Task details ▸ Every line of the material that includes the word "Light" is to be shown.

Excerpted records section start

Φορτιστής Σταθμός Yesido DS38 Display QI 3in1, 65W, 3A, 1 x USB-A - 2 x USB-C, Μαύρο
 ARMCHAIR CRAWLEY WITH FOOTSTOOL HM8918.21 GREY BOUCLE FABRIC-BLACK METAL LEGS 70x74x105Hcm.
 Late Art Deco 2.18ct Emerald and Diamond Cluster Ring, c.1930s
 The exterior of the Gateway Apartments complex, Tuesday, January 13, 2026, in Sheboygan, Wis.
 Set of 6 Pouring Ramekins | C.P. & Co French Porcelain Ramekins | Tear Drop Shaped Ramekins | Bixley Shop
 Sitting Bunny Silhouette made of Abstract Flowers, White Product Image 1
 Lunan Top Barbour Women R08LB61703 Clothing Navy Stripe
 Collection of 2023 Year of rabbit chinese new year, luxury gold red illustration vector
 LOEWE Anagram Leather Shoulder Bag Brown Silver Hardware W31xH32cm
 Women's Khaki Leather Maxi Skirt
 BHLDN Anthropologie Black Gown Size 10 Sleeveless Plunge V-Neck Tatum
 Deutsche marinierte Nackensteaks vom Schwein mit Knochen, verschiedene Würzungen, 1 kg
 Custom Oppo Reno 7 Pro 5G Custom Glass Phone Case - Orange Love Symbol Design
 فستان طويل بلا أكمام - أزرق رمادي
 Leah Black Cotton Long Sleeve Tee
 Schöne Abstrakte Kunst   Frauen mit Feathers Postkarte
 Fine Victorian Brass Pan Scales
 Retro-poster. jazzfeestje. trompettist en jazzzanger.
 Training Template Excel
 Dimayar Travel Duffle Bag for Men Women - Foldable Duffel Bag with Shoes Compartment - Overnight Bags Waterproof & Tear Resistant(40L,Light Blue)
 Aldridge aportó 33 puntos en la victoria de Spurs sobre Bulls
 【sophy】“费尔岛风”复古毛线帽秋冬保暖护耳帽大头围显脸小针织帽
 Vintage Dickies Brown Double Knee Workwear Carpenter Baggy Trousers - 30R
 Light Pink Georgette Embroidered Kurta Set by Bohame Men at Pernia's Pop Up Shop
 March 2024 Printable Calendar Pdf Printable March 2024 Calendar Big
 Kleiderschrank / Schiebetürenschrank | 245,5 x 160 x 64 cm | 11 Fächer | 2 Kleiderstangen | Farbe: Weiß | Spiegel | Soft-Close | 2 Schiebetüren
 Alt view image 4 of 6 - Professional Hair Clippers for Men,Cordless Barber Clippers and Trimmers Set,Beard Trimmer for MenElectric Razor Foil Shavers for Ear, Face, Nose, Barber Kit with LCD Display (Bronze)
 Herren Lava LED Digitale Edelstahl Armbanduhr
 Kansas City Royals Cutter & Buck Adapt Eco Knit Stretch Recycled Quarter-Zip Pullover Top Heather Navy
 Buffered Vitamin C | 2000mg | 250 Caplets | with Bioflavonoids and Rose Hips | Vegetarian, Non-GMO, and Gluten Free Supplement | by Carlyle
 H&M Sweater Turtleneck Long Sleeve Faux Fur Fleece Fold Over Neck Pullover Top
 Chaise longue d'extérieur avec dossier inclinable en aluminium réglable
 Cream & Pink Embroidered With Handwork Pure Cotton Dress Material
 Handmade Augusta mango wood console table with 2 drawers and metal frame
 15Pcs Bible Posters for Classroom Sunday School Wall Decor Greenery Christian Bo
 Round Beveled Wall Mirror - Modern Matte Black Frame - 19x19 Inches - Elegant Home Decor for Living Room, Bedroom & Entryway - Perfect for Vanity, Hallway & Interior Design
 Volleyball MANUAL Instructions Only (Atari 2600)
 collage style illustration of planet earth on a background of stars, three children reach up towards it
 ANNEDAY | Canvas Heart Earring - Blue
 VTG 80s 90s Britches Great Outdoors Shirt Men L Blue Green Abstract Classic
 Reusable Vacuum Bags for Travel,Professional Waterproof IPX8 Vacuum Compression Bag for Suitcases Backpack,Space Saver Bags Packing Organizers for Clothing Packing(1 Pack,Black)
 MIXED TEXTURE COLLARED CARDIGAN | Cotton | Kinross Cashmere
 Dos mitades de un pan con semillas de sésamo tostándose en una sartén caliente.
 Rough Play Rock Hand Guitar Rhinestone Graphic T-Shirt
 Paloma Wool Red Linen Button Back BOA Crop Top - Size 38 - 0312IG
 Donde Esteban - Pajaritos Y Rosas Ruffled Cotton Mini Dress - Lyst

Excerpted records section end

Exercise answer ▸
 Dimayar Travel Duffle Bag for Men Women - Foldable Duffel Bag with Shoes Compartment - Overnight Bags Waterproof & Tear Resistant(40L,Light Blue)
 Light Pink Georgette Embroidered Kurta Set by Bohame Men at Pernia's Pop Up Shop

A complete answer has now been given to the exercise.